If you want to stay with degree two or three but no larger, find an implementation of PSLQ and feed it the quadruple (at incredible decimal accuracy) $$ \left(\pi^3, \; \pi^2, \; \pi, \; 1 \right) $$ so as to ask for integer relations, that is integers $a_3, a_2, a_1, a_0$ of not terribly large absolute value, so that $$ a_3 \pi^3 + a_2 \pi^2 + a_1 \pi + a_0 $$ is very close to zero.

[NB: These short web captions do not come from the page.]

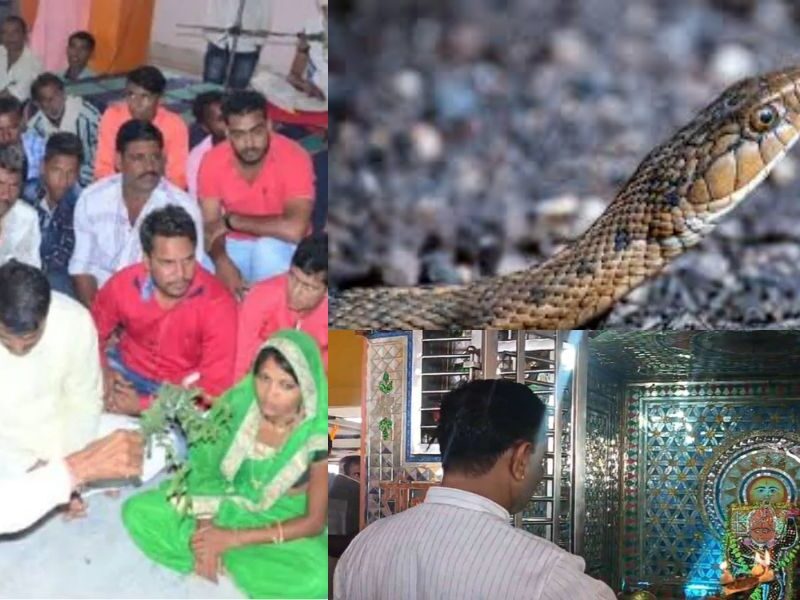 Snake Court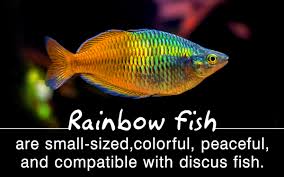 Fish That Can Be Tank Mates With Your Not So Social Discus Fish
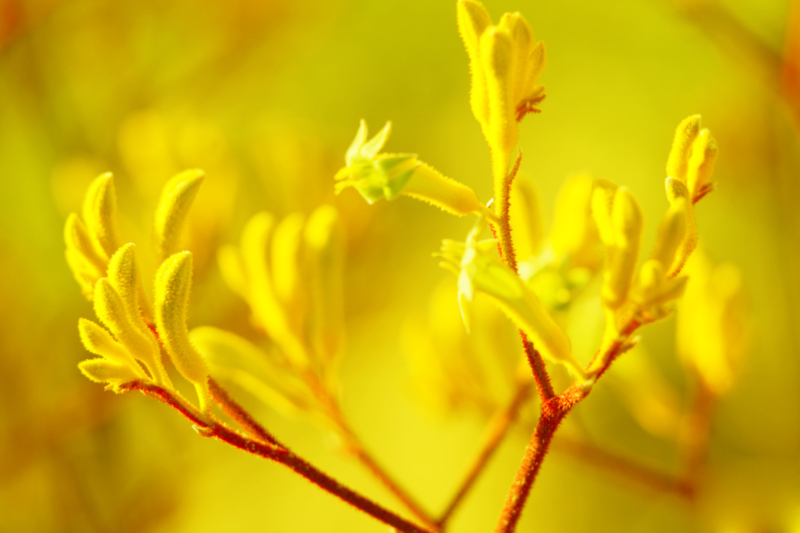 irrigation system garden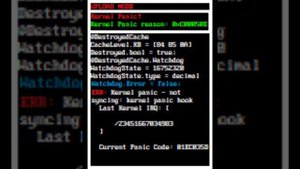 Android Kernel Panic!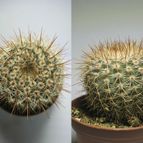 Collecion de Tulio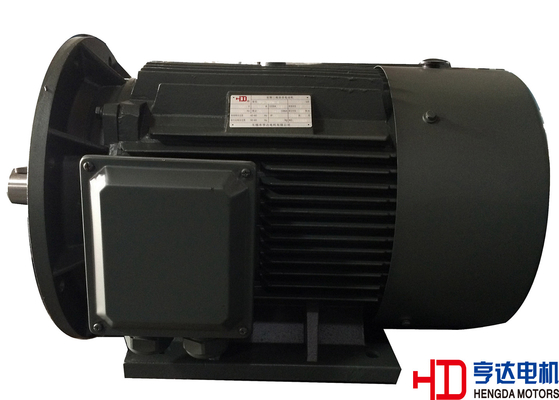 Totally Enclosed Three Phase Asynchronous Motor Industrial Electric Motors 45KW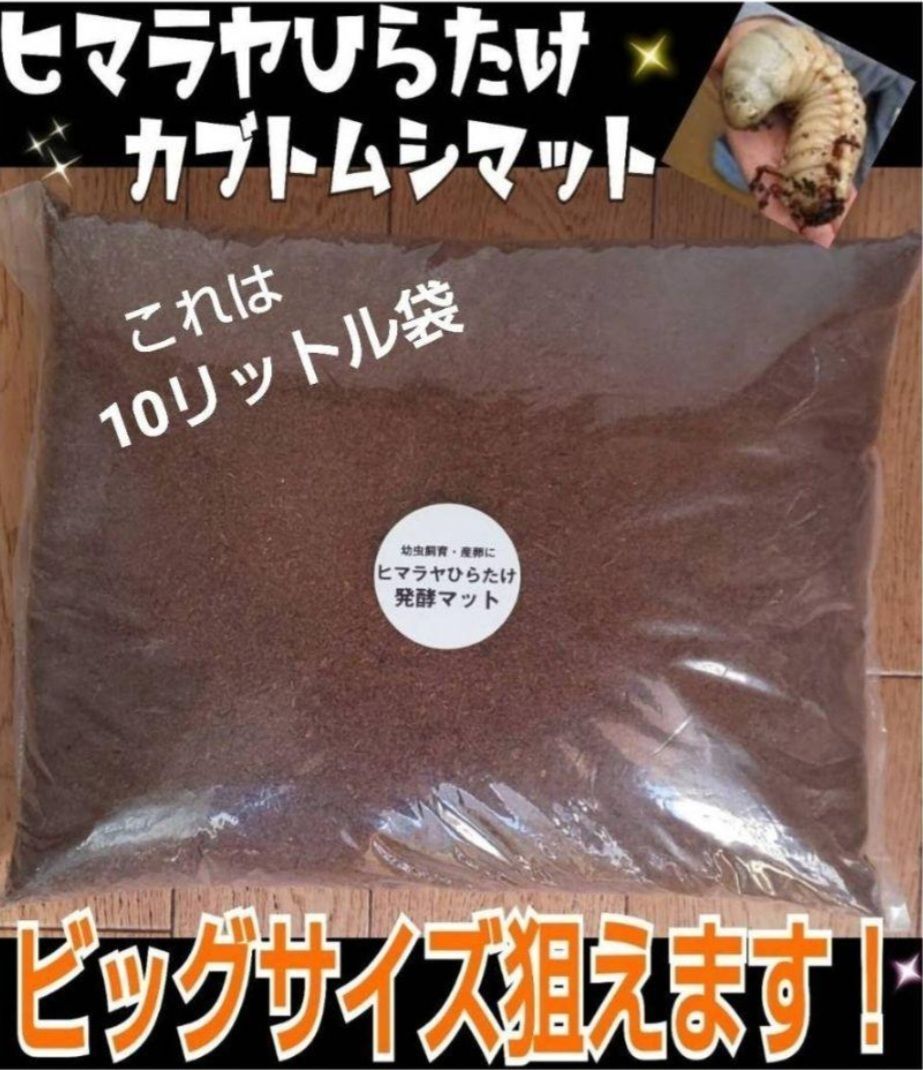 幼虫が丸々太ります！80リットル☆ヒマラヤひらたけ発酵カブトムシマット栄養価抜群 送料無料！80リットル ヒマラヤひらたけ発酵カブトムシマット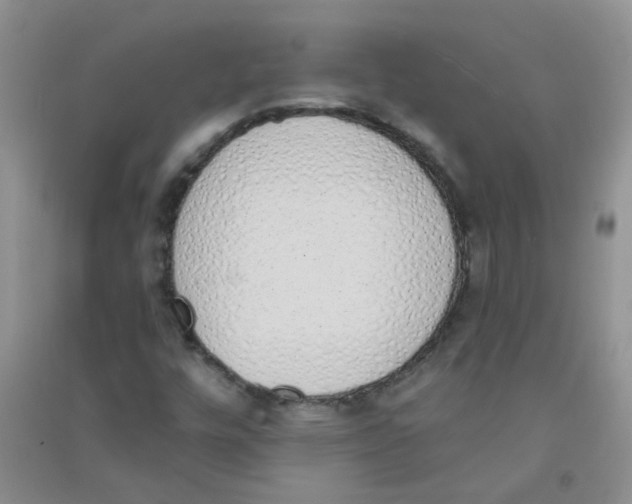 X0000090711448200708171857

Then the relevant root of $a_3 x^3 + a_2 x^2 + a_1 x + a_0$ is a good approximation for $\pi.$

The others appear to be getting good results with degree four, you might try that, no more difficult once you have the code for the general cubic correct.

jagy@phobeusjunior:~$ gp
Reading GPRC: /etc/gprc ...Done.

                               GP/PARI CALCULATOR Version 2.5.5 (released)
                        i686 running linux (ix86/GMP-5.1.2 kernel) 32-bit version
                    compiled: Sep 30 2013, gcc-4.8.1 (Ubuntu/Linaro 4.8.1-10ubuntu4) 
                 (readline v6.3 enabled [was v6.2 in Configure], extended help enabled)

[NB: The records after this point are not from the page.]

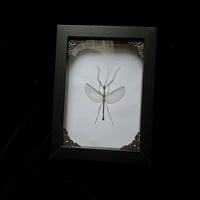 Male Marmessoidea rosea Stick Bug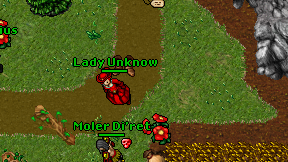 Lady Unknow on screen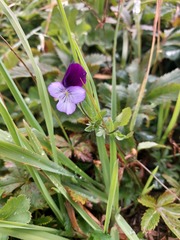 Viola disjuncta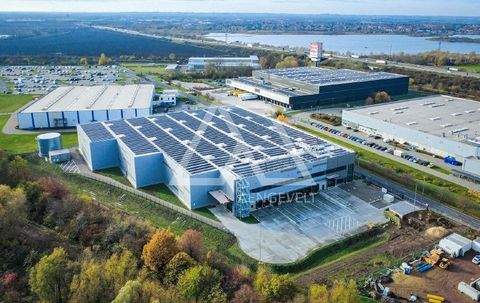 Magdeburg Halle, Magdeburg Hallenfläche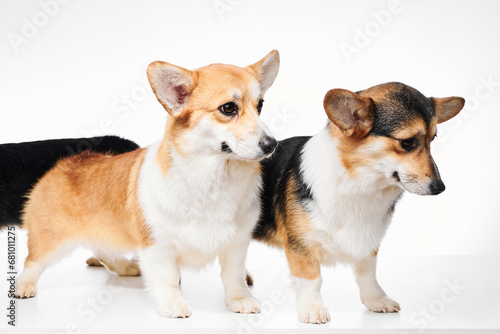 Pembroke Welsh Corgi portrait isolated on white studio background with copy space, family of three purebred dogs © amixstudio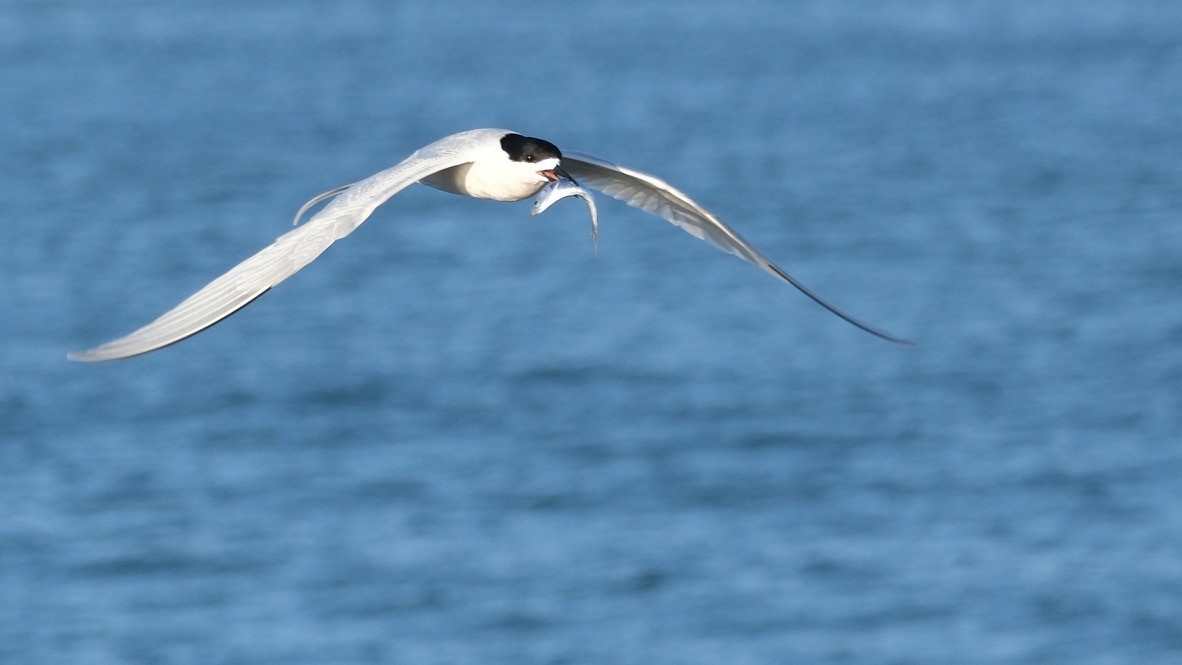 White-fronted Tern - ML639853116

                                 Copyright (C) 2000-2013 The PARI Group

PARI/GP is free software, 
? Pi
%6 = 3.141592653589793238462643383
? q = algdep(Pi,4)
%7 = 5871*x^4 - 22872*x^3 - 7585*x^2 + 60199*x + 23027
? polroots(q)
%8 = [-1.311564323926921157096862611 + 0.E-28*I, -0.3879438664397374306161177256 + 0.E-28*I, 
2.453674351288873525029590438 + 0.E-28*I, 
3.141592653589793238462643859 + 0.E-28*I]~
? 

degrees five to ten

?  algdep(Pi,5)
%19 = 909*x^5 - 3060*x^4 + 1814*x^3 - 3389*x^2 - 723*x - 626
?  algdep(Pi,6)
%20 = 820*x^6 - 2340*x^5 - 565*x^4 + 67*x^3 - 1782*x^2 - 1008*x + 1460
?  algdep(Pi,7)
%21 = 306*x^7 - 1189*x^6 + 532*x^5 + 224*x^4 + 899*x^3 + 474*x^2 + 389*x + 485
?  algdep(Pi,8)
%22 = 27*x^8 + 46*x^7 - 256*x^6 - 564*x^5 + 43*x^4 + 672*x^3 - 104*x^2 - 201*x + 220
?  algdep(Pi,9)
%23 = 20*x^9 - 53*x^8 + 32*x^7 - 178*x^6 - 86*x^5 - 11*x^4 + 142*x^3 + 410*x^2 + 34*x + 21
?  algdep(Pi,10)
%24 = 2*x^10 - 5*x^9 - 17*x^8 + 47*x^7 - 64*x^6 + 146*x^5 - 58*x^4 + 79*x^3 + 110*x^2 + 23*x - 7
? 

degree three:

    ?  r = algdep(Pi,3)
    %26 = 91273*x^3 + 8437*x^2 - 960500*x + 104194
    ? polroots(r)
    %27 = [-3.342734408288101386537745201 + 0.E-28*I, 0.1087047799083921816885401406 + 0.E-28*I, 
3.141592653589793238462650438 + 0.E-28*I]~
    ? 
    ? 

degree two:

?  s = algdep(Pi,2)
%28 = 12610705*x^2 - 51111434*x + 36108636
? polroots(s)
%29 = [0.9114269040003652816200798826 + 0.E-28*I, 3.141592653589793238462659346 + 0.E-28*I]~

repeating degree ten, I like how the coefficients are small and begin with 2, I have not found any of these monic (beginning with $1$)

?  t = algdep(Pi,10)
%30 =   2*x^10 - 5*x^9 - 17*x^8 + 47*x^7 - 64*x^6 + 
       146*x^5 - 58*x^4 + 79*x^3 + 110*x^2 + 23*x - 7
? polroots(t)
%31 = [-3.416642530754670637725737702 + 0.E-28*I,
        0.1631777144832237629669559802 + 0.E-28*I, 
        2.659776825745310085407479343 + 0.E-28*I, 
        3.141592653589793238462643332 + 0.E-28*I,
       -0.4285725799568636122958113382 - 0.1971284716837764691749795140*I,
       -0.4285725799568636122958113382 + 0.1971284716837764691749795140*I,
        0.6277749736794889930752953905 - 1.073388946479318133923381580*I, 
        0.6277749736794889930752953905 + 1.073388946479318133923381580*I, 
       -0.2231547252544536053351545286 - 1.460683263806221846450712438*I, 
       -0.2231547252544536053351545286 + 1.460683263806221846450712438*I]~
? 

pretty graph:

Solution 3:

How about,

$$ \sqrt[3] {31}=3.14138...$$

Where, $31$ is the length of a month.

If you want memorable, you could always use,

$$\pi \sim \sqrt{{{69} \over {7}}}=3.139...$$

Do I really need to explain this one?

You could also use,

$$\sqrt{{69 \cdot 1001} \over {7 \cdot 1000}}=3.14117...$$

Where, $1001$ refers to the book 1001 Arabian Nights

Solution 4:

$\root 10 \of {93648}$ is marginally better than $\sqrt{10}$.

But one of the comments has a much better answer, with degree of just $4$.